Chinese Tourists Drive Boom
A summertime all-you-can-eat durian event was held in Bangkok. Crowds pack the venue, enjoying as much of the fruit as they can handle. A closer look reveals signs in Chinese and a room filled with the Chinese language. While some locals are present, most of the participants are Chinese tourists.
Chinese tourists are driving the durian boom. Thailand is one of the most popular tourist destinations for Chinese travelers, with nearly 10 million visiting in 2017.
It's said many Chinese become addicted to durians in Thailand, and continue craving the fruit after returning home. Moreover, China's rising income has seen a growing middle class with money to spend.
The Thai government says the total value of durians exported to China in 2017 was about 8.6 billion Baht, or around 258 million dollars, a more-than-two-fold increase over the last 5 years. About 80 percent of the durians produced in Thailand is exported, and China is its largest buyer.
E-commerce Giant Takes Action
Frozen durian suppliers work at the sharp end of the boom. Hundreds of employees fill processing plants, cutting and packing at speed.
The variety of products is also expanding. Shoppers can buy durian ice cream, durian dessert with sticky rice and even durian lasagna.
And new factories are being built. The manager of this company says he expects sales to triple this year.
Chinese online shopping site Alibaba is getting involved. In April, Jack Ma, the executive chairman and co-founder of Alibaba visited Thailand to meet with Thai Deputy Prime Minister Somkid Jatusripitak. The two agreed to cooperate on selling Thai products, including durians, online.

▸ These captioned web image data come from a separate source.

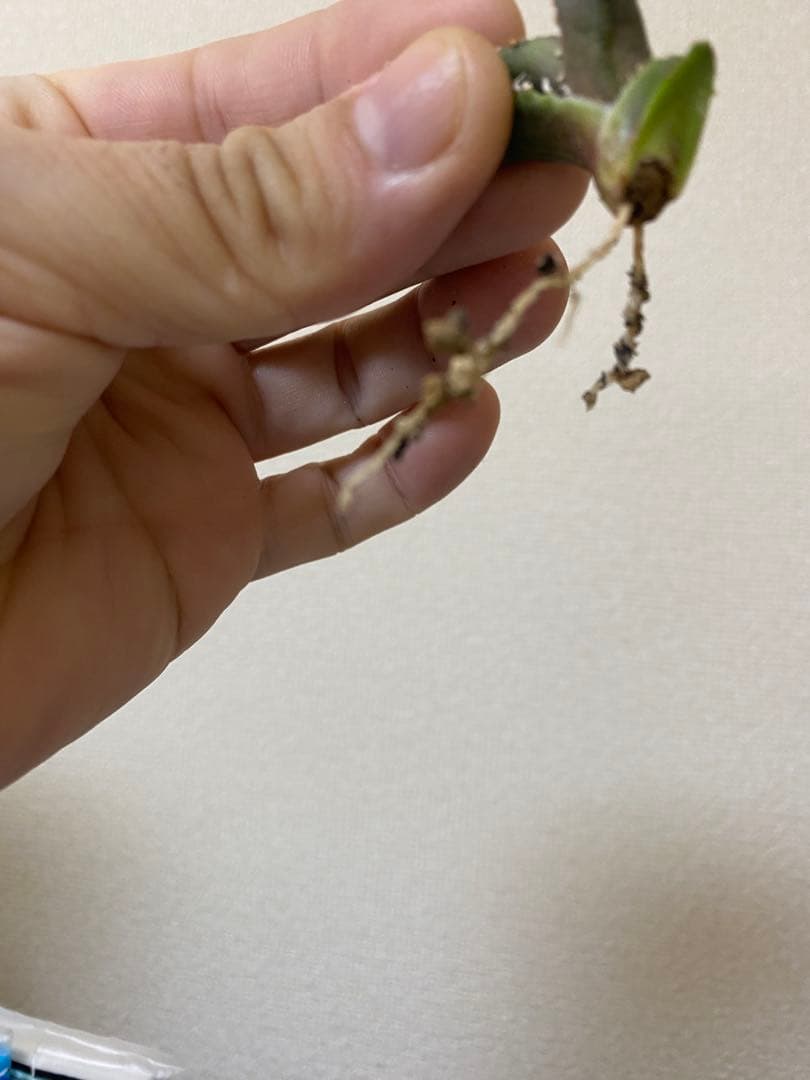 アガベ　ivory wa 子株　cj special 大白鯊　ホオジロザメ　冰雹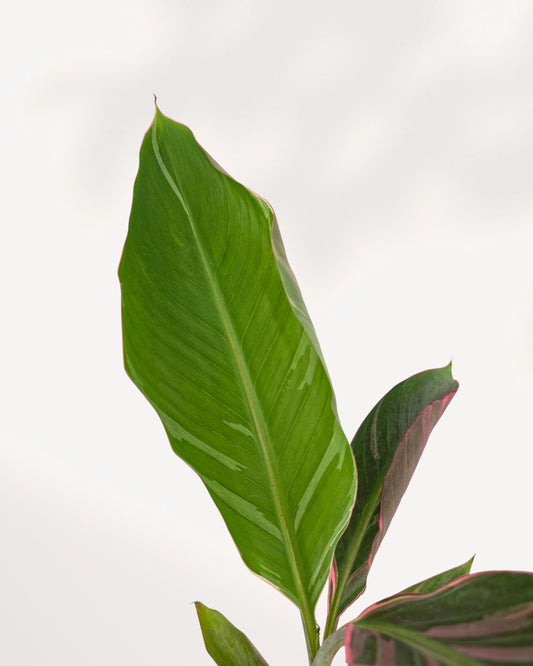 Front top view of Musa Florida Variegated Pink showcasing striking variegated leaves and healthy upright growth, perfect statement houseplant for modern home decor with Canada wide delivery.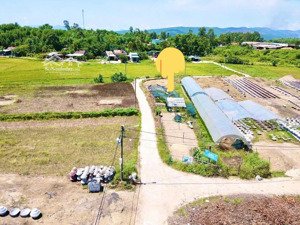 đất trồng cây hằng năm 3 mặt kiệt đẹp thoáng, 375m2 xã hòa phong.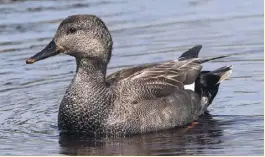  ??  ?? Gadwall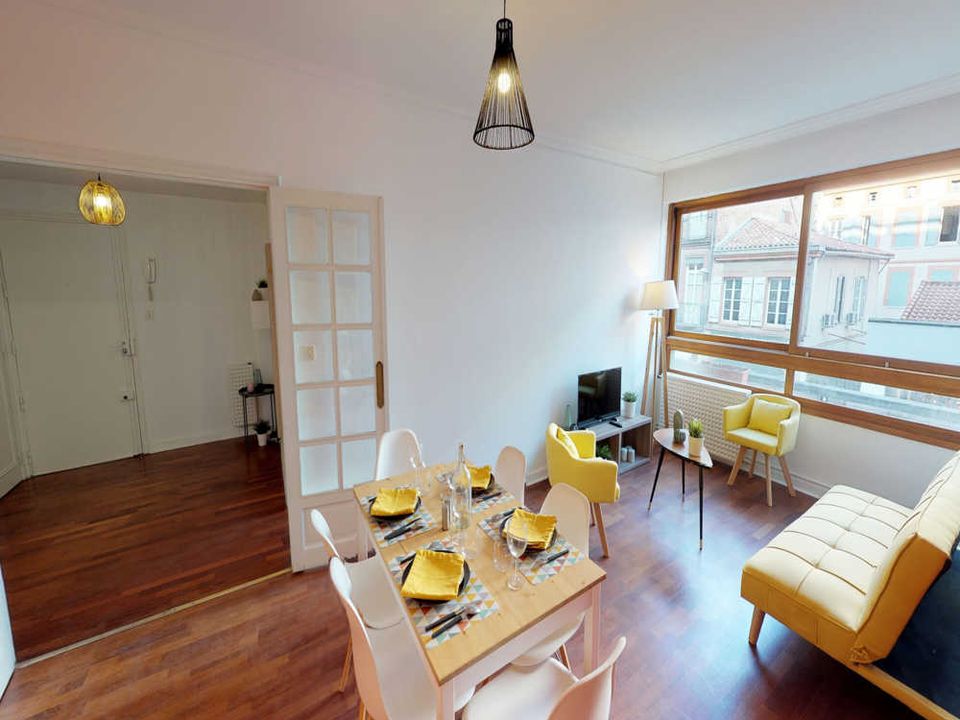 Apartment in Toulouse, Haute-Garonne - photo 5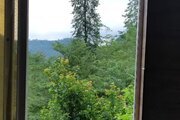 کلبه چوبی تکخواب مبله رویایی جنگلی در سوادکوه
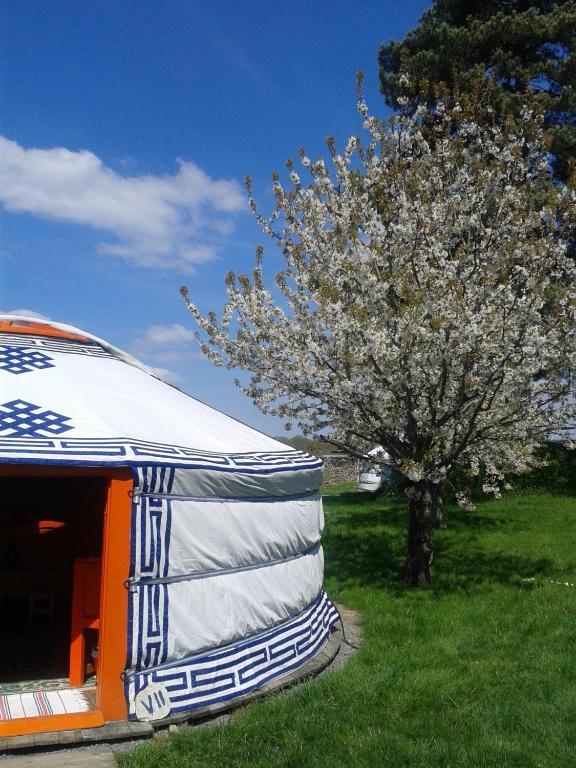 Yourte Nomade-Lodge Les Ecrennes Room photo
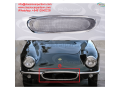 lotus-elite-s1-1958-1963-front-grille-small-0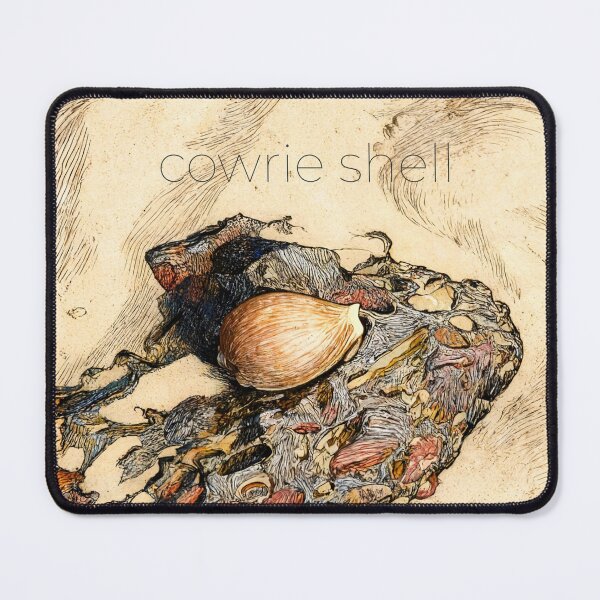 Item preview, Broome time cowrie shell designed and sold by WildLadyWood.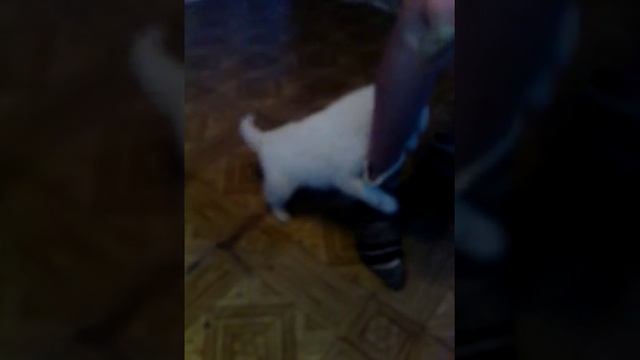 12 мая 2017 г. смотреть онлайн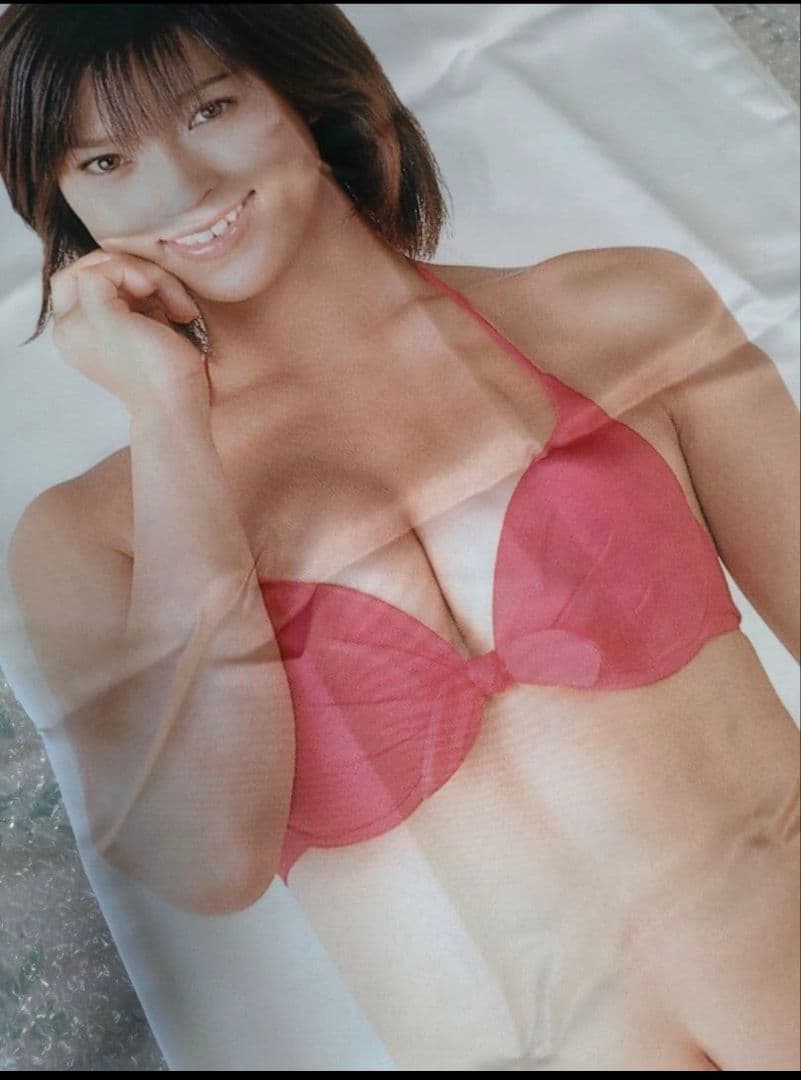 ハ*ん様 【公式　販売品】仲根かすみ　抱き枕カバー　未使用新品　清潔　当時物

Jack Ma highlighted the volumes his company can shift, including a special promotion in which 80,000 durians were sold in just one minute.

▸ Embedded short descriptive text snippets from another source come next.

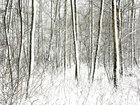 Holz & Schnee • Wald • Fototapeten • Berlintapete • Tiefe (Nr. 3592)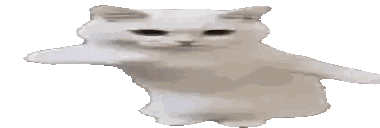 White Cat Standing with Arms Out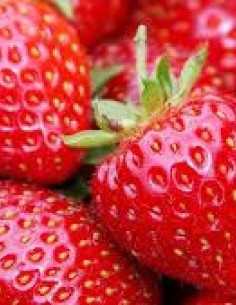 Fraise Blanc/noir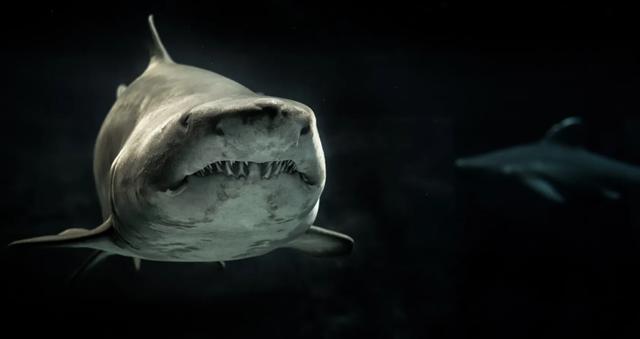 鲨鱼|澳十岁男孩硬生生被鲨鱼从船上拖下水，父亲见状立马入水吓走鲨鱼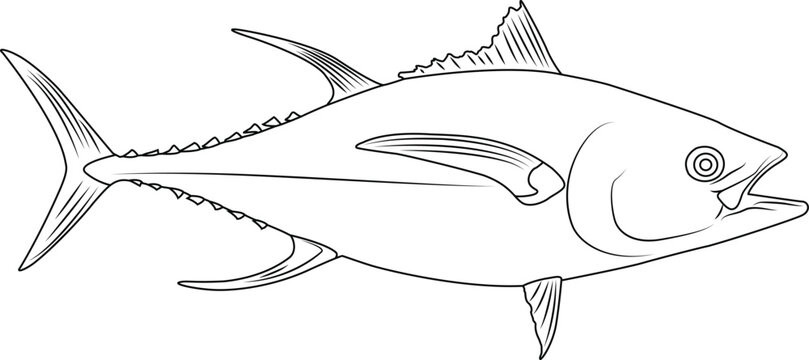 Tuna engraving images â browse photos vectors and video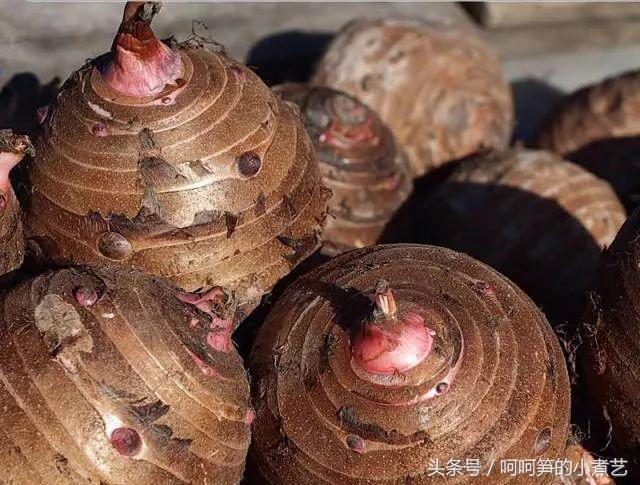 槟榔芋泥和面粉做什么好吃,怎么做槟榔芋泥好吃又简单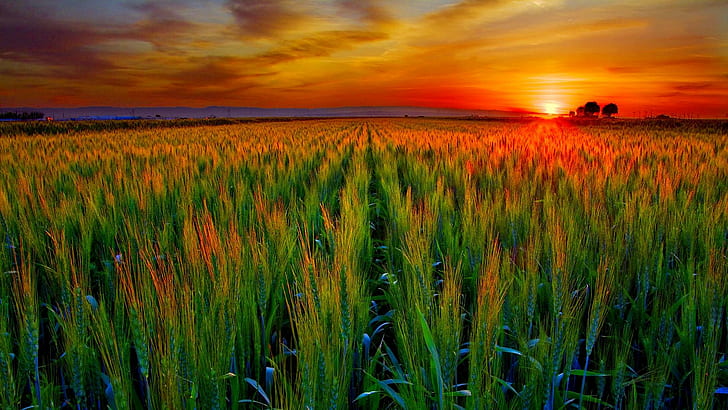 Ladang Gandum Saat Matahari Terbenam, bakersfield, lembah, biji-bijian, matahari terbenam, musim semi, panen, california, gandum, emas, pusat, alam, dan tanah, Wallpaper HD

A month later, an Alibaba employee in charge of purchasing visited Thailand to inspect farms and decide which durians to buy.

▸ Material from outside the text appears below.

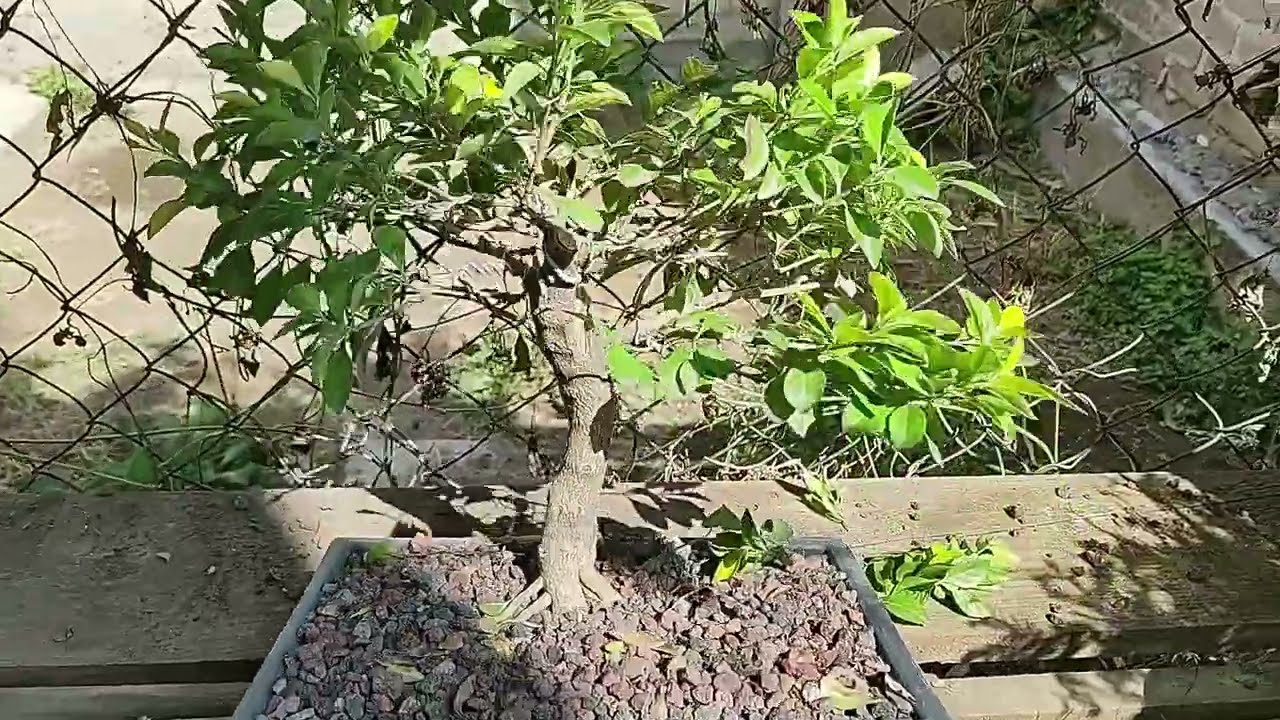 Bonsái Álamo Blanco/ Plateado Y Duranta Cuba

Boom Impacts Farming Areas
The durian boom has even impacted the farming landscape in Thailand. An increasing number of farms are changing from cultivating natural rubber to durians.
Amnat Boonsong is one of them. He runs a farm in Chanthaburi Province in eastern Thailand and has been cultivating rubber for the past 15 years. Over the last few years, however, the price of rubber has slumped. He had a daily income of up to 2,000 Baht, or about 60 dollars, but that has dipped to around 400 Baht, or 12 dollars.
Thailand is the world's leading producer of natural rubber and China its leading destination for exports. China's growing economy had driven prices up after 2000, resulting in a rapid increase in rubber farms. But prices began to fall due to Myanmar and Cambodia planting more farms and pumping out rubber at lower prices.
It was around this time that the durian grew in popularity, pushing its price up. Amnat decided to cut down half of his rubber trees and replace them with durian. He says, while the rubber trees are like a part of his family, he has no choice if he's to raise his income.
If enough farms also switch to durian, it may eventually result in an oversupply. The Thai government, concerned about the issue, has begun surveying local farmers about what to do.
The story of Thailand's durians is just one more example of the tremendous power of new Chinese wealth.
China is now the world's second largest economy. While Japan was once Thailand's largest trading partner, the position was usurped by China 5 years ago.
Thailand and other Southeast Asian countries have, for better or worse, advanced their economies by increasing their dependence on China.
But now, the US and China are in the midst of escalating trade frictions. If this results in damage to the Chinese economy, it may very well affect the durian boom now being enjoyed by farmers in Thailand.